I'm not sure I understand this. I gather there's no issue with solvency, but they can't continue to lend money unless they borrow it, because they haven't got a big enough base of depositors. The Bank of England are lending at "a punitive rate of 6.75%". But the 3-month inter-bank lending rate (LIBOR) is only 0.13% higher at 6.88% - why can't they borrow there ?

Ah - LIBOR reflects short-term loans - up to a year. Presumably NR want long-term money to match the long-term mortgages - or do they live hand to mouth, so to speak, on a succession of short term loans ? Seems like a risky strategy to me. How is the money that've already borrowed (and lent out) financed - short or long term loans (short - see update 2) ?

You have to presume that it's not the interest rates so much as that the other banks are refusing to lend to NR.

If that's true, what do the other banks know that the Bank of England is prepared to ignore ?

If they can't borrow the money at a rate which will enable them to offer attractive mortgages, why don't they just stop new lending ? Presumably the answer is that they'd be basically shutting up shop to new business, with no future profits to look forward to and a huge share price fall. But why should the BoE be concerned with that ?

If LIBOR is at nearly 7% I'd have thought that implies 8% mortgage rates before too long.

I'm sure Tim Worstall and Chris Dillow will explain all.


UPDATE - Willem Buiter is not sure that they ARE necessarily safe from insolvency risks, and is distinctly sceptical about the bailout.

Following the bail out of Northern Rock, I can only conclude that the Bank of England is a paper tiger. It talks the ‘no bail out’ talk, but it does not walk the talk. It does not matter whether the decision to bail out Northern Rock was initiated and/or actively supported by the Bank, or whether the Bank was bullied into it by the Treasury and the FSA. Moral hazard has received a boost in the UK banking sector and in the UK financial system as a whole. We will all pay the price in the years to come, when the next wave of reckless lending washes over us. Let’s hope that the collateral requirements and penalty rate charged on the credit line will be tough enough to limit the damage.

UPDATE2 - it appears they are indeed lending over long periods, but getting the money to lend via a series of short term loans.

Northern Rock said in a statement on Friday that the Bank of England had agreed to provide it with as much funding “as may be necessary” as it warned that it would otherwise be incapable of refinancing maturing liabilities and flagged that full-year profits would be 20 per cent below consensus forecasts.

Those maturing liabilities being the previous short term loan which is now due for repayment.

Analysts at Cazenove said in a note: “We assume Northern Rock will cease writing new business. The lack of new business flow and a penalty cost of funding will have a detrimental impact upon Northern Rock’s earnings ... Northern Rock is unlikely to remain independent but the value of the company to an acquirer may be significantly below the current share price.”

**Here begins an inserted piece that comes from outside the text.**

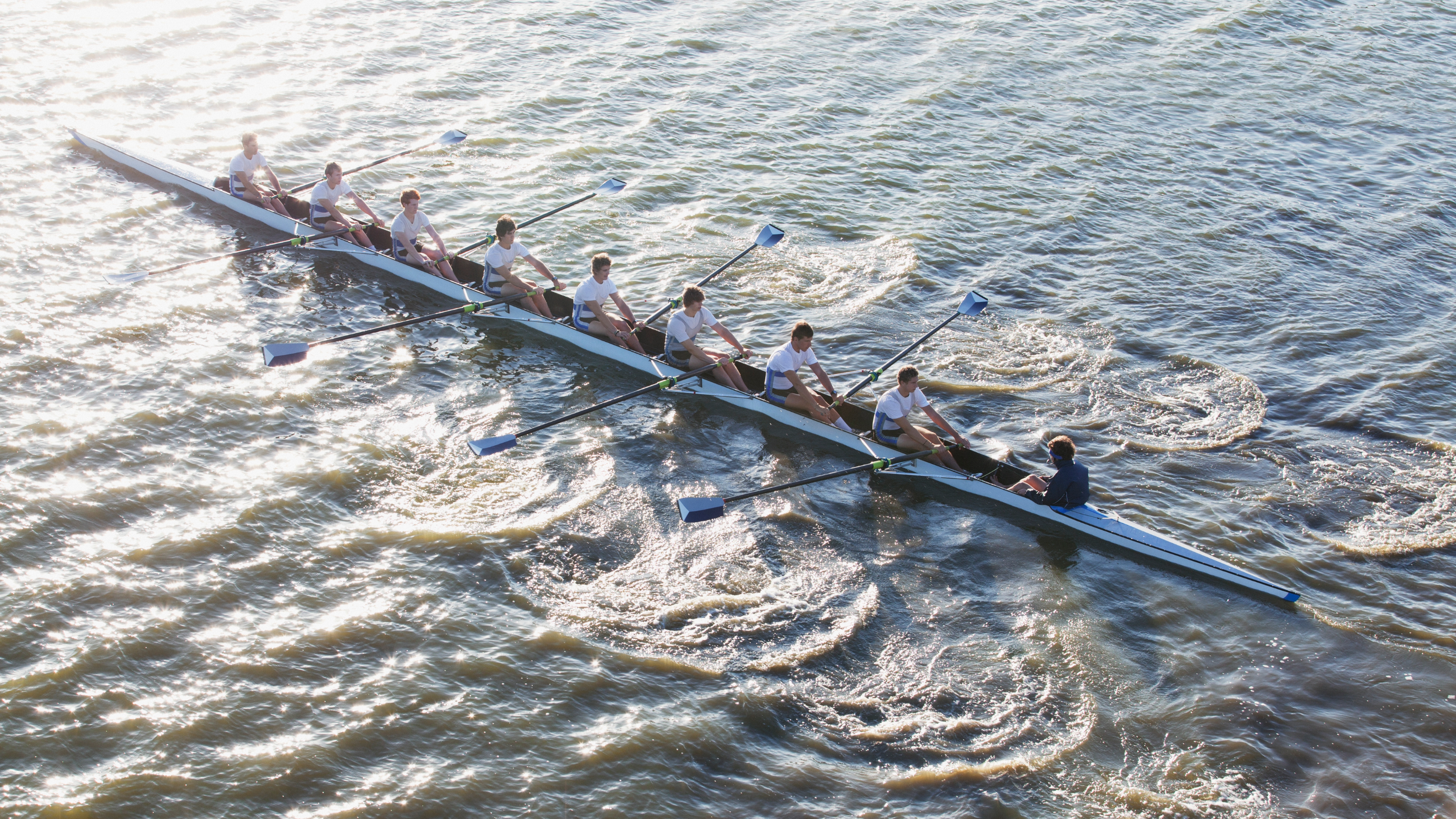 People in long canoe oaring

So they will stop new business, but because they still need to refinance the existing loans, that isn't the end of their woes. Hence the BoE bailout.

Meanwhile the rush for the exits continues. If investor sentiment is driven by greed or fear I think we know which is uppermost today.

Declaration of interest - I have a mortgage with Northern Rock, who took over the Legal and General portfolio when that company got out of the mortgage market. I wonder if they'd like me to pay it off ?


UPDATE3 - an anonymous commenter at Willem Buiter :

Laban - this basically comes down to NRK being unable to roll their commercial paper. By that I mean, they have borrowed using commercial paper which is now coming due. They are seeking to issue new commercial paper in order to borrow and thus repay the creditors of the old commercial paper. That probably came due on Monday, and it takes 2 days to settle so they had to sell it yesterday (Thursday). They failed to sell it and have to go to the BoE instead.

Interestingly, this is exactly the same thing that caused Enron to finally succumb to failure (they were unable to roll their CP too). The only difference is they didn't get a bail-out.


OK - now you want to know about commercial paper. I'd not heard of it either. It's all here.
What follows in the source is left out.